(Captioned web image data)

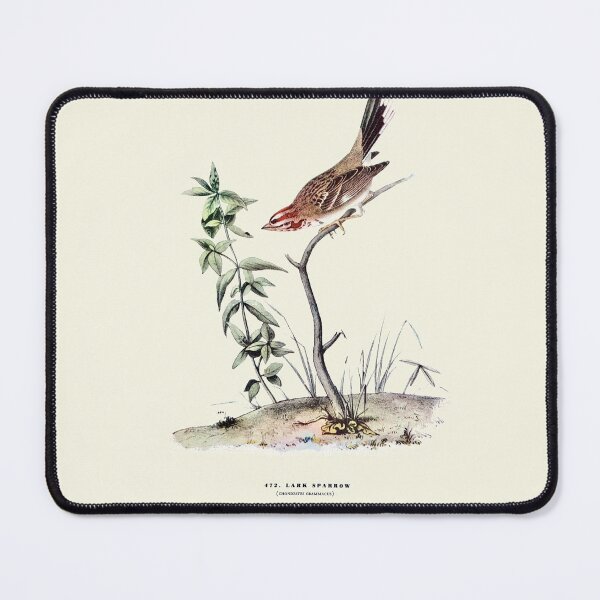Item preview, Lark Sparrow - Audubon designed and sold by sanerevolution.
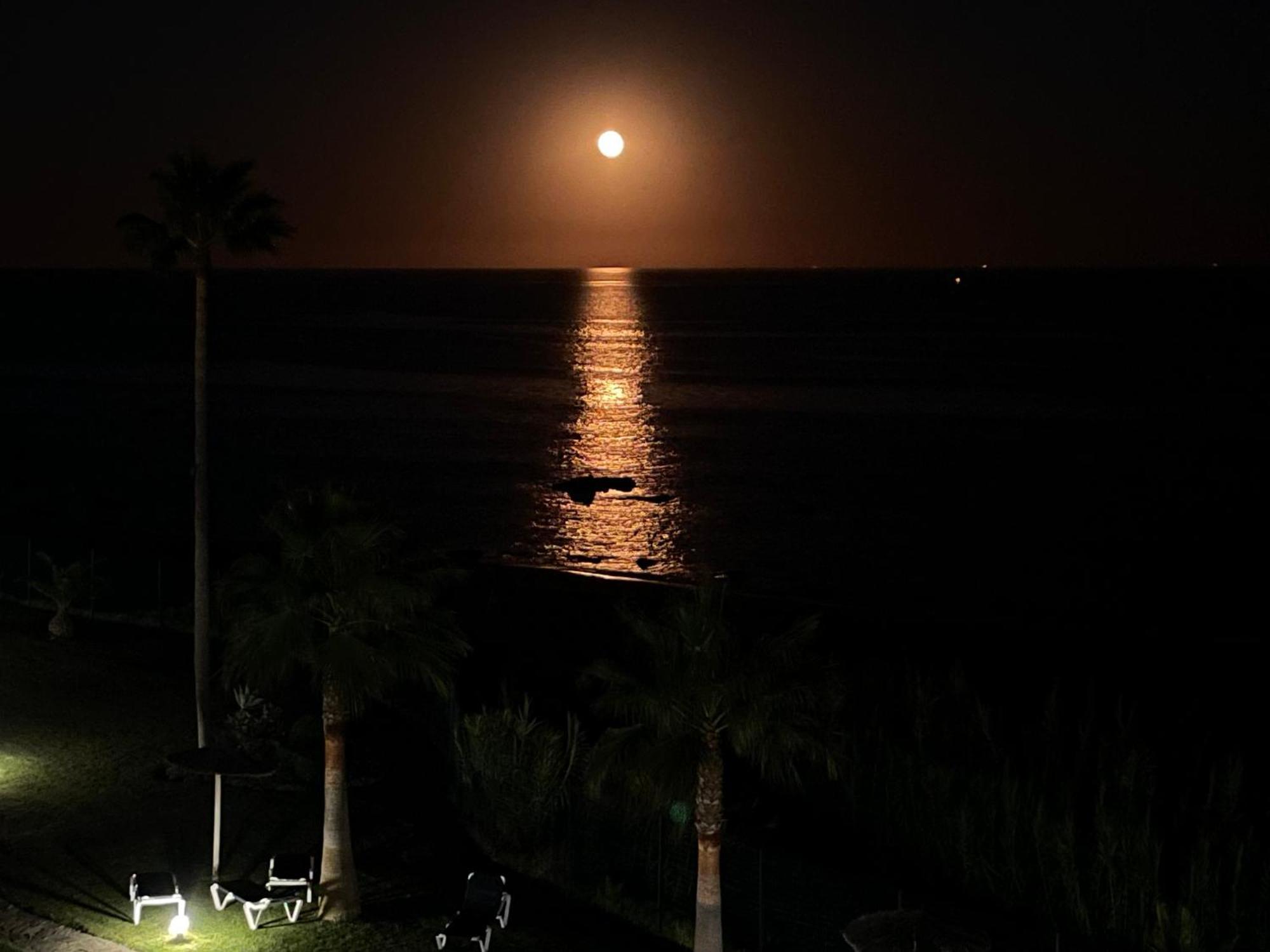 Exclusive Luxury Frontline Beach Penthouse Casares Del Mar - Estepona Dış mekan fotoğraf
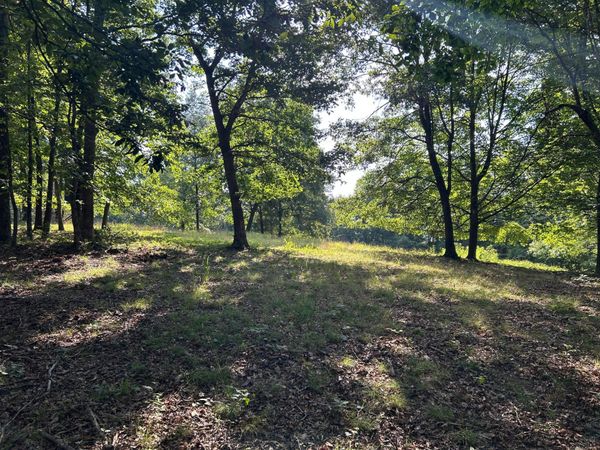 6741 Big Spruce Little Bear Road , Otway, OH 45657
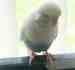 Budgerigar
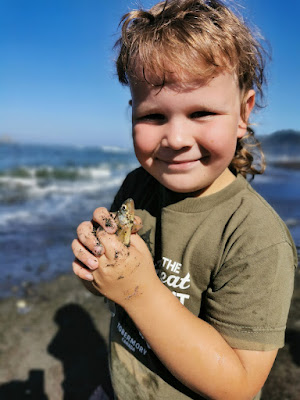 Catching fish by hand at Olympic National Park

• _PROBLEM REQUIREMENTS_
Pictures aside, give the data again exactly as it appears.

• _ANSWER AREA_
Item preview, Lark Sparrow - Audubon designed and sold by sanerevolution.
 Exclusive Luxury Frontline Beach Penthouse Casares Del Mar - Estepona Dış mekan fotoğraf
 6741 Big Spruce Little Bear Road , Otway, OH 45657
 Budgerigar
 Catching fish by hand at Olympic National Park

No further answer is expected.